After 30 years of trading out plastic crowns, the Viking Days committee said goodbye to the toy-like crowns and welcomed a new metal crown for the king of Viking Days.

While many are aware that the Homecoming Court received a new crown this year, few can tell the story of the old.

Prior to 1982, no king was crowned during Viking Days. There was always a queen,  with five to six women in court each accompanied by an escort.

The split from the matriarch came on October 6, 1982, when Mark Backman claimed the crown and the role of the college’s first king.
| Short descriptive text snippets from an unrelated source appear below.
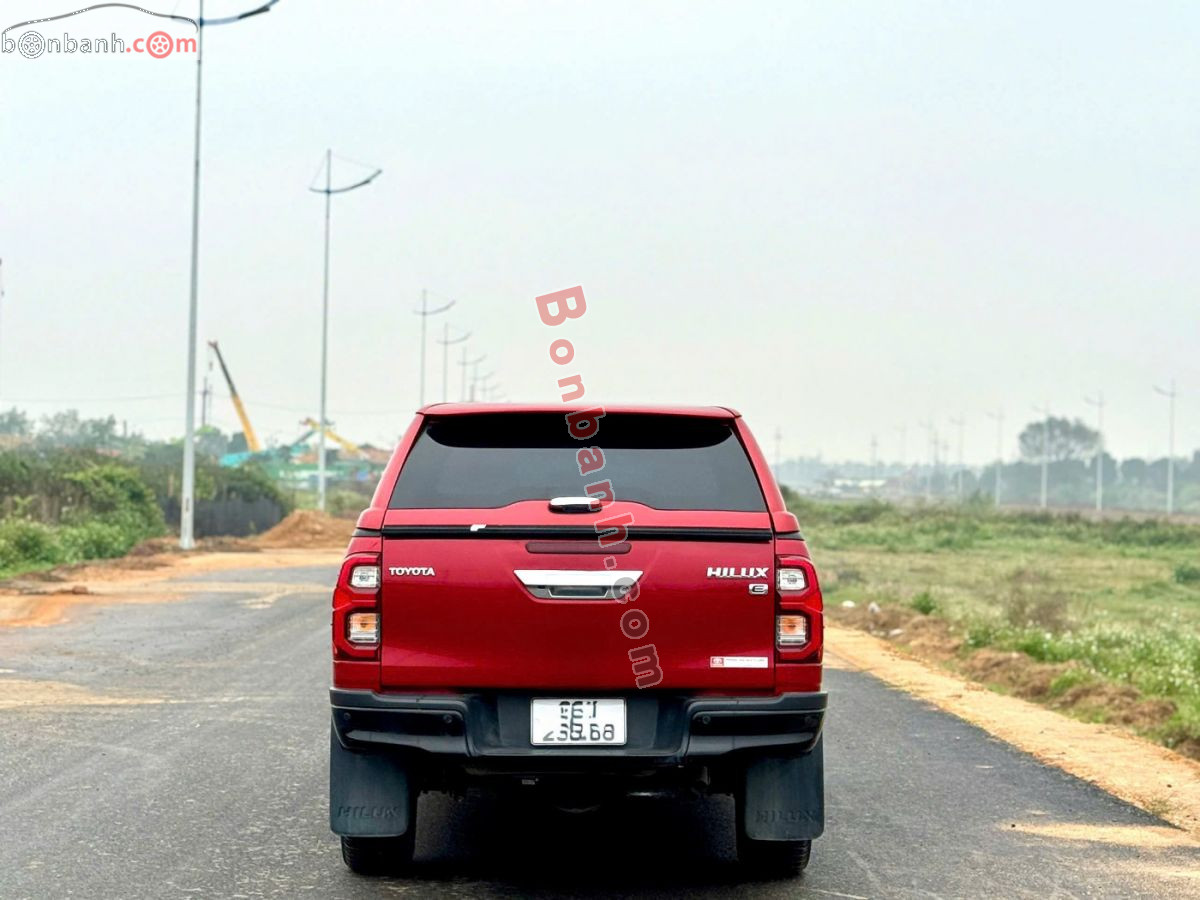 Bán ô tô Toyota Hilux 2.4L 4x2 AT - 2024 - xe cũ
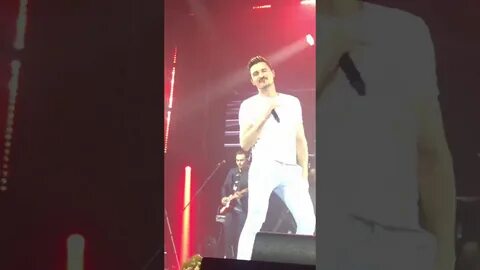 Почему не вырезали билана из программы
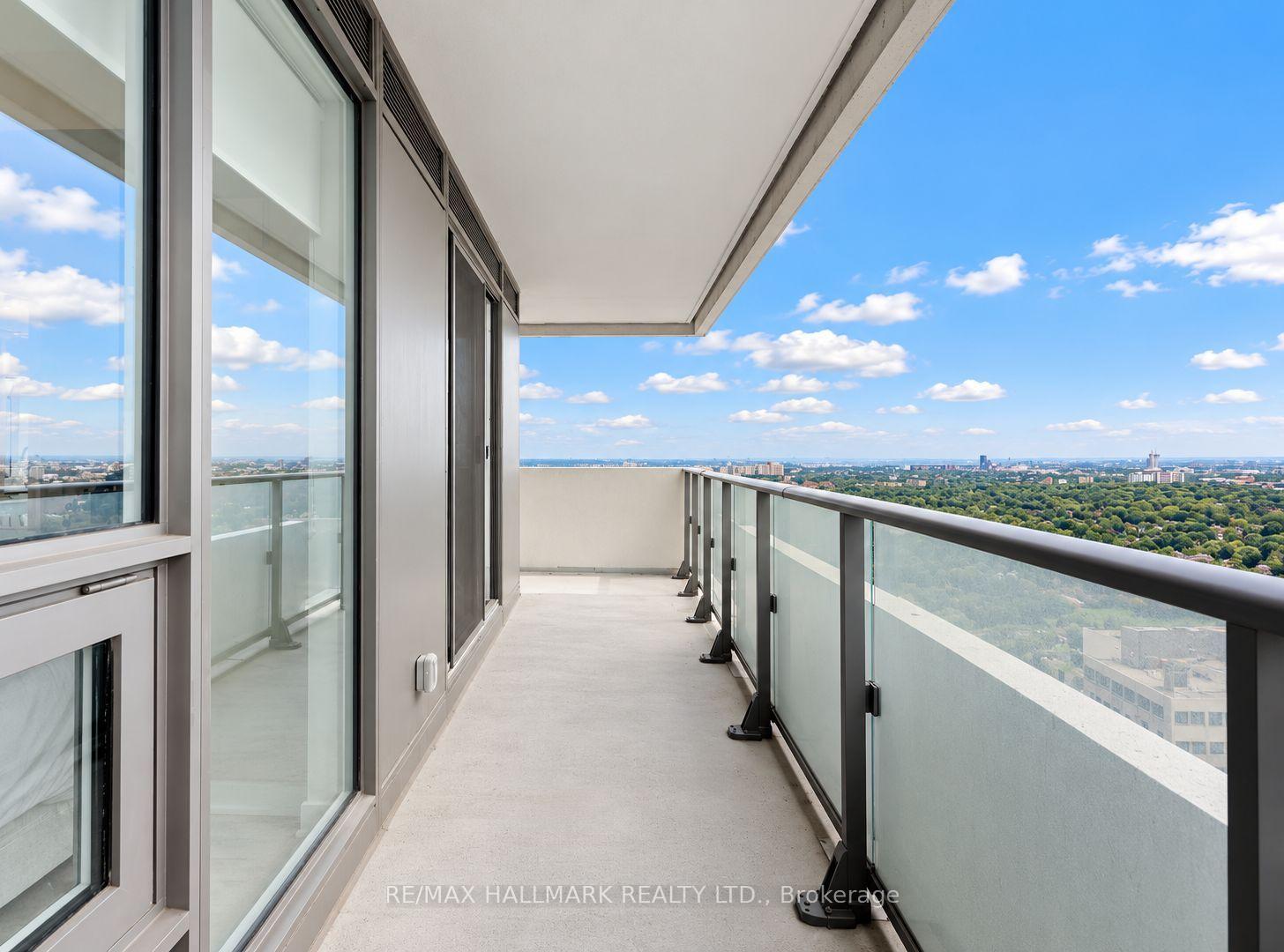 Photo 18 of Unit 4009, 2221 Yonge Street, Toronto, Mount Pleasant West — HOMEH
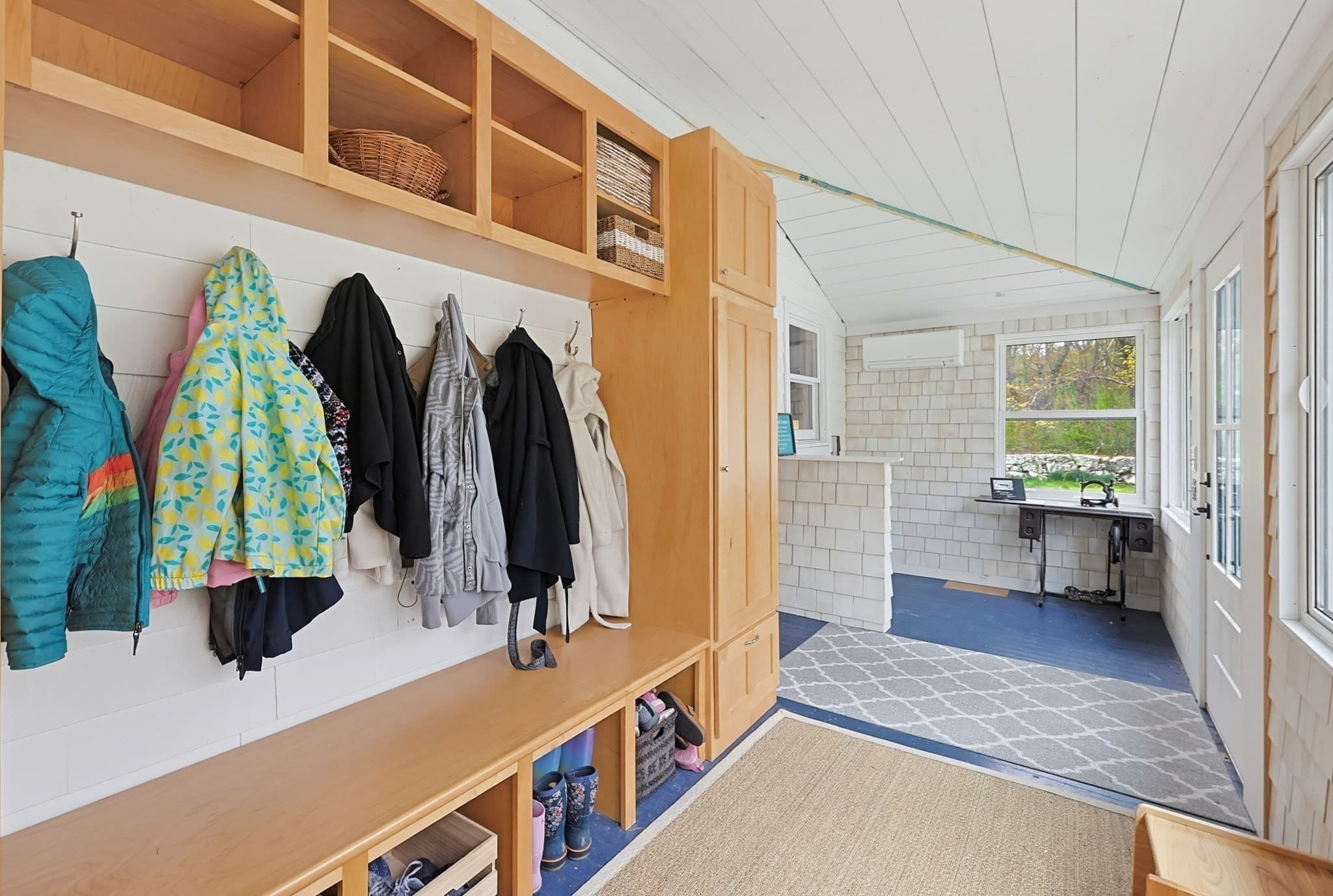 Single Family Residence at 129 Cross Rd, Westport MA 02790, photo 8 of 42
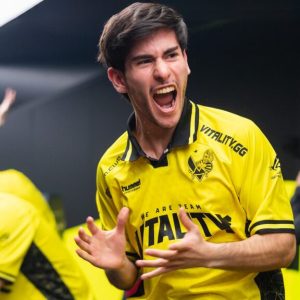 Entry vs. Opener: Why flameZ Excels Where donk Falls Short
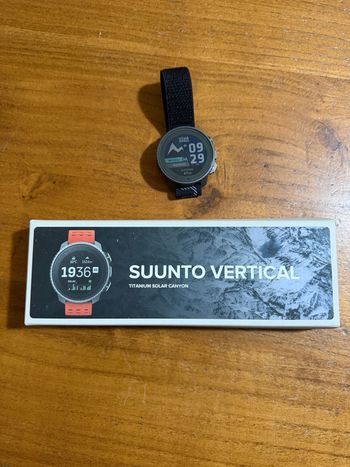 Suunto, Vertical Titanium Solar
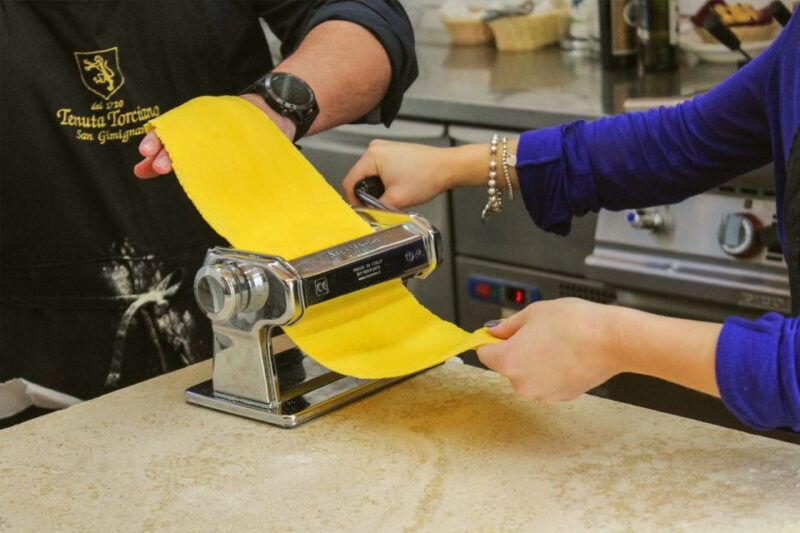 hands-on-lasagna-making-cooking-class-and-wine-tasting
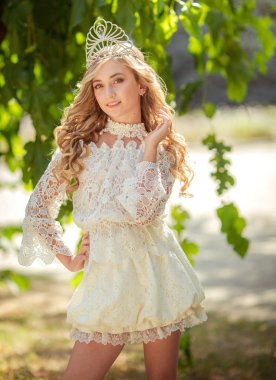 Güzel kız giyiyor taç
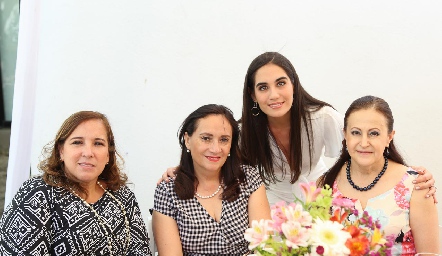  Adriana Enríquez, Lolita Alba, Mariana Rodríguez y Magdalena Araiza.
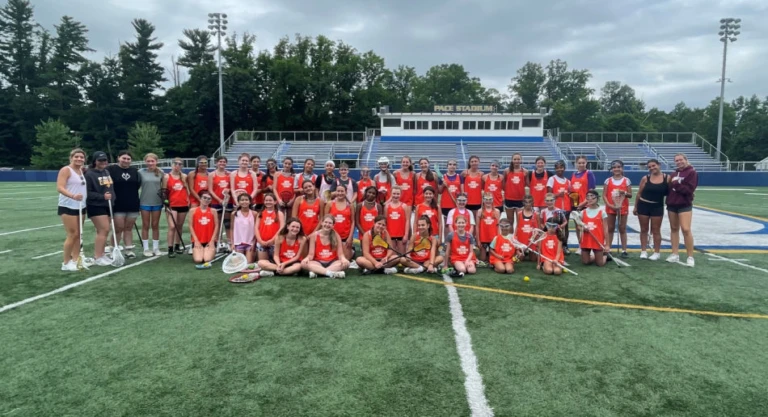 Nike girls lacrosse camp group shot field 2022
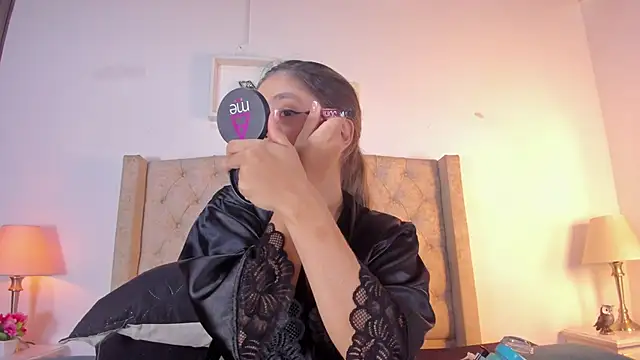 allisson m online show from October 23, 12:15 pm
Backman reigned that year with queen Becky Hatch.

A plastic crown was used and has been traded out with other plastic crowns for decades since.

“The old crown was plastic and it looked like something you would get at Burger King,” student activities director Jeff Venekamp said.  “Something that your kids would play with.”

It was Venekamp who initiated the search for the new crown.

“This summer Sanna [Horsley] and I went about finding a crown that was more befitting of the king.”

The queen’s crown, a gift  from Norway, has been passed down since 1939, as inscribed  for every queen to see.

The new crown is not from Norway, but was instead purchased for $100 from Amazon.com to model Norwegian tradition.

“It [the crown] matches the queen’s crown and looks much classier,” Viking Days co-chair Kristina Johnson said.

Horsley, also Viking Days co-chair and who chose the crown, agreed.

“The queen’s crown is quite beautiful, and has such a great story about how it came to be at Augie, and the king’s crown was a cheap plastic one we had just picked up from somewhere,” she said.

Previous kings, according to Venekamp, often mocked the former crown.

“I think it was

who said, ‘Now you get to wear the Burger King crown for a week.” Venekamp said, too, that the jewels on the crown were even glued on.

Some could say the ‘cheap plastic’ was part of the college’s history, but to others the quality of the crown isn’t nearly as important as the ceremonies themselves.

Dylan West, reigning homecoming king, said it never even crossed his mind that he would be the first one to wear the new crown. “I am the first person to wear the new crown and that in itself is quite an honor.”

Although the metal crown came with a higher price tag than plastic, West said that “it’s a small price to pay for future generations.”

West was happy with the new crown, but commented that he would not be wearing it to class.

“The crown fit great,” he said. “I was a little worried it might be a bit big but I got it figured out and I am ready to rock the crown.”

Horsley echoed the sentiment on behalf of the committee.

“The Viking Days committee hopes that all future Homecoming kings will take pride in wearing the [new] crown and look back on it as a memento of their four years at Augie.”

The final resting place for the old Homecoming crown is uncertain, but Venekamp joked that it would lie forever in the “Top Secret Augustana Royalty Vault.”